こころは母に「話したかったけど話せなかった」といじめを受けていることを話した。

12月、クラス担任の伊田先生がこころの家にやってきて、「真田に会ってみないか」とこころに勧めた。これに母が「先生はみんなによく言われたいだけ!喜多嶋先生か校長先生と一緒に来て」と断った。

クリスマスの日マサムネがみんなに「喜多嶋といういい先生がいるから一度学校に来てくれ!」とお願いをした。マサムネの悩みはなんなのか?

 2006年、1月。決められた日にこころは制服で久しぶりに学校に行った。だれも話かけてこない。靴箱に萌ちゃんから「ごめん!話がしたい!」という手紙があった。萌ちゃんは転向生でこころの近所に住み、学校からの連絡事項をポストに入れてくれる子。こころのいじめに加わっていた。

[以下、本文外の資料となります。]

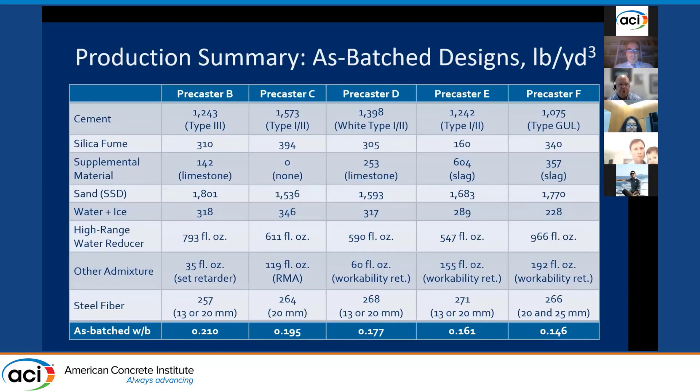This slide shows the range of mixtures adopted by the various pre-casters. Cement types included the more common Type I/II or Type III cements, a white Type I/II, and a Type GUL. All mixes contained silica fume at various contents; one pre-caster reduced silica fume content by introducing a large amount of slag. Both slag and ground limestone were used as supplemental materials, though one pre-caster used no supplemental materials. All mixes had large dosages of high-range water reducer, 2% steel fiber — high-strength 8-mil diameter fiber with aspect ratios of at least 60 — and a water-to-binder ratio of around 0.2 or less.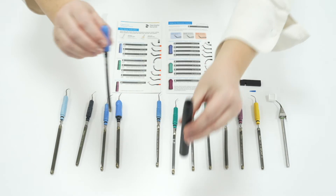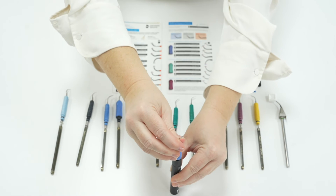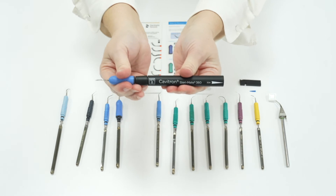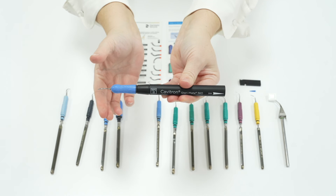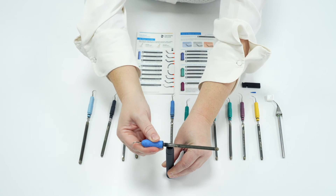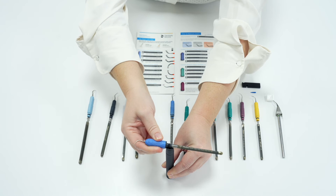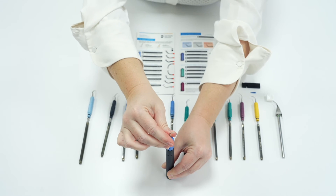A Cavitron insert should simply drop into the Stereomate and click into place. The other really important thing to know about Cavitron insert maintenance is that the Stereomate must always be filled right to the top with water so that there is a bubble of water sitting on the top. Then wet the insert O-ring and drop it in vertically, and a small amount of water should spill out as the insert drops into place.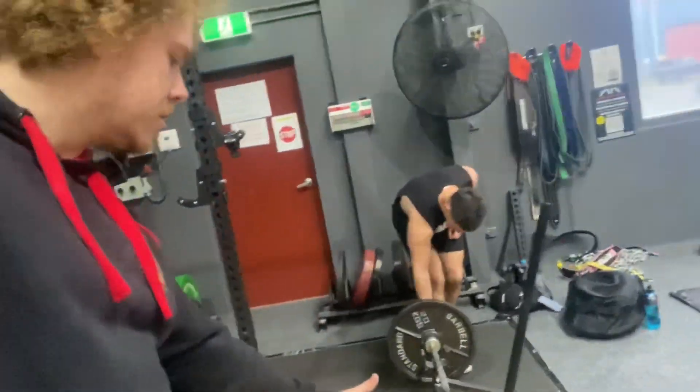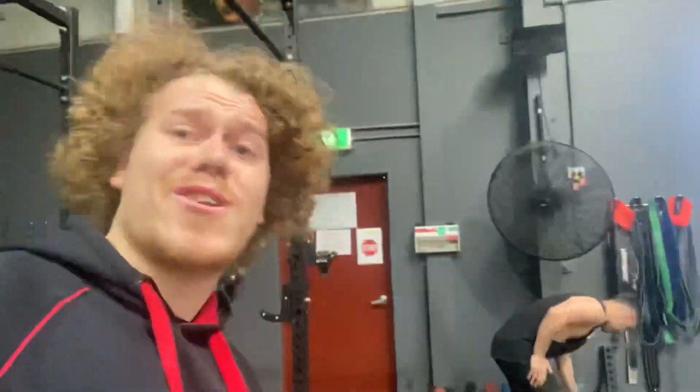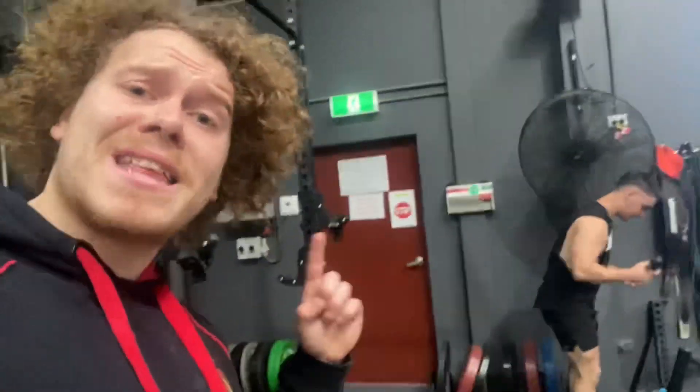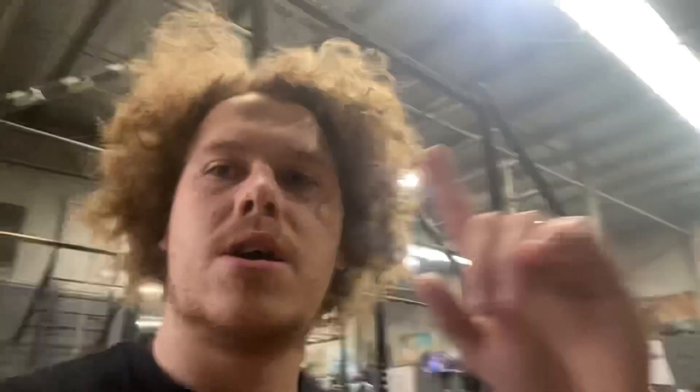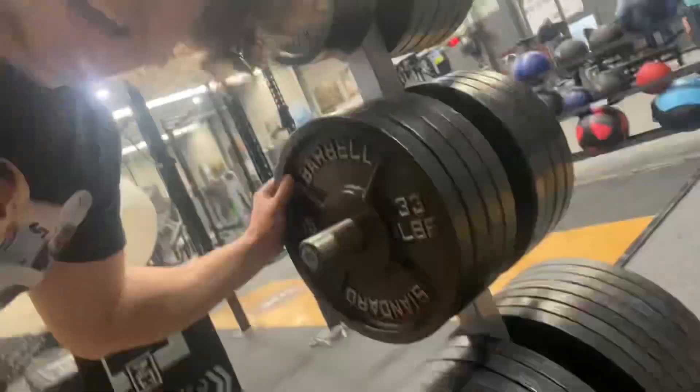So we finally made it into the gym. Steve is setting up the weight for us, so we're about to get into it. I really hope you enjoy our workout session. We're gonna hit some deadlifts first and then get on with the other stuff. Also, this gym has got metal plates — hell sick! I've never used metal plates before, so this will be a first for me, and I can't wait to hear that sound when it hits.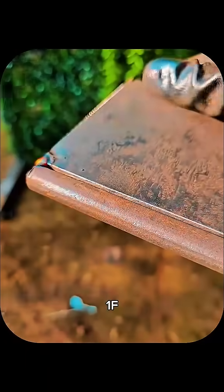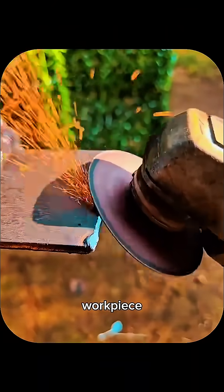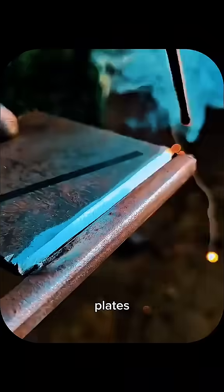The secrets of basic welding — 1F — that beginner welders must know for company test exams are often overlooked, yet they play a big role in passing successfully. The 1F welding position is a flat fillet weld, where the workpiece is placed flat and the welder must create a clean, strong bead between two metal plates at a right angle.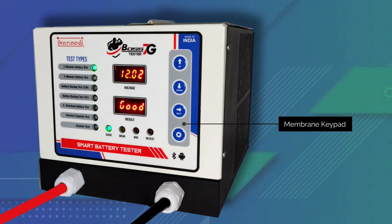The new stylish membrane touch keypad is easier to operate and gives you a touch feel.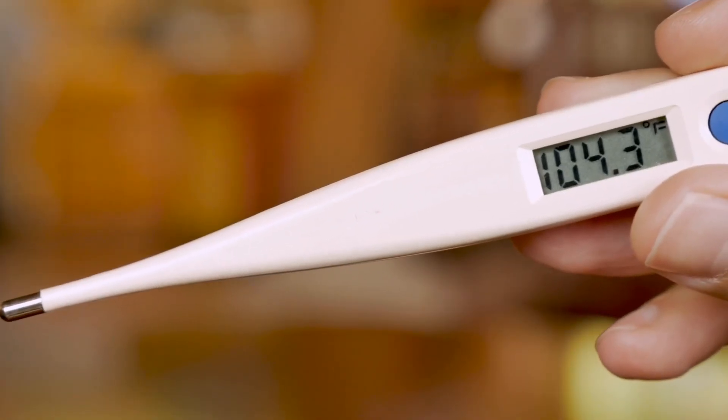Before we give you this remedy, I want to know from you — what is a fever? A fever technically is any body temperature that is above normal: 98.6 Fahrenheit or 37 Celsius. In practice, a person is usually not considered to have a significant fever until the temperature is about 100.4 degrees Fahrenheit.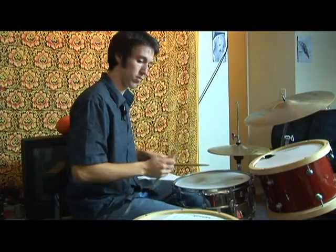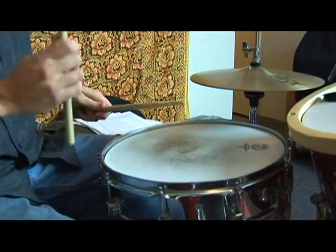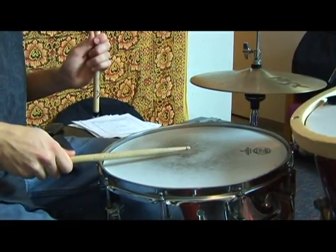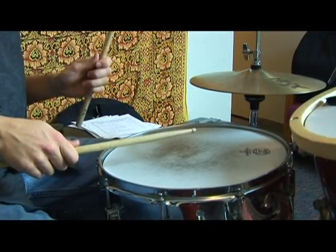So we have the flam. This is the flam tap. I'm going to break down what I'm doing: I'm just doing the regular flam, and then with what was the beat that's going to stay down, do the tap, and then it's going to stay down again to flam the next beat.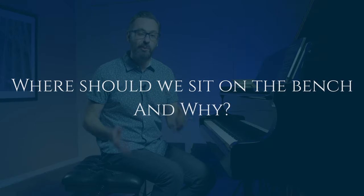Hey, welcome back to Pianist Academy. This is the first video in a series about bench position, posture, and handshape as we approach playing the piano. Each of the videos in this series is going to be a deep dive into just one aspect of these topics. Today in particular is going to be about where we sit on the bench and why we sit there.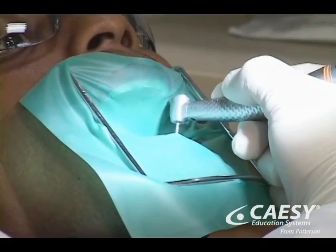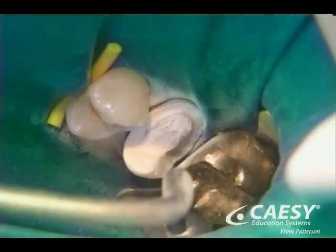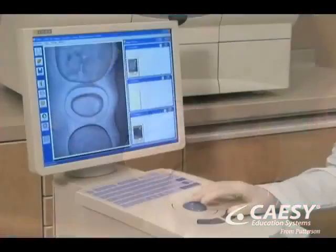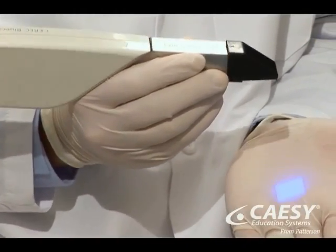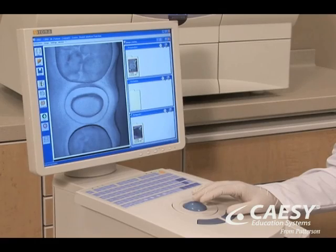The first step in the CAD-CAM technique is tooth preparation. The second step involves applying a reflective powder onto the prepared tooth. We then take a digital image using a special optical infrared camera that records the tooth's exact dimensions directly into the CAD-CAM computer.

お腹が痛くなり保健室に駆け込んだ。保険の先生に孤城のメンバーの名前を聞くと「知らない!」という。そこに喜多嶋先生がやってきたので、こころは気を失った。

このあたりから、ファンタジーでとてもミステリアスになってくる。

孤城に戻って「誰も来ていなかった!嘘ではないの」とリオンに話した。リオンは「みんな悩んでいるから来ている。俺は亡くなった姉ちゃんを返してくれだ」とここに来る理由を話した。こころは「自分の悩みは小さい」と思った。

リオンは「オオカミさまはフェイクだ。俺たちを赤ずきんちゃんと呼ぶだろう?」とオオカミさまは何者かと疑っていた。同じようにアキも「誰も来なかった!」という。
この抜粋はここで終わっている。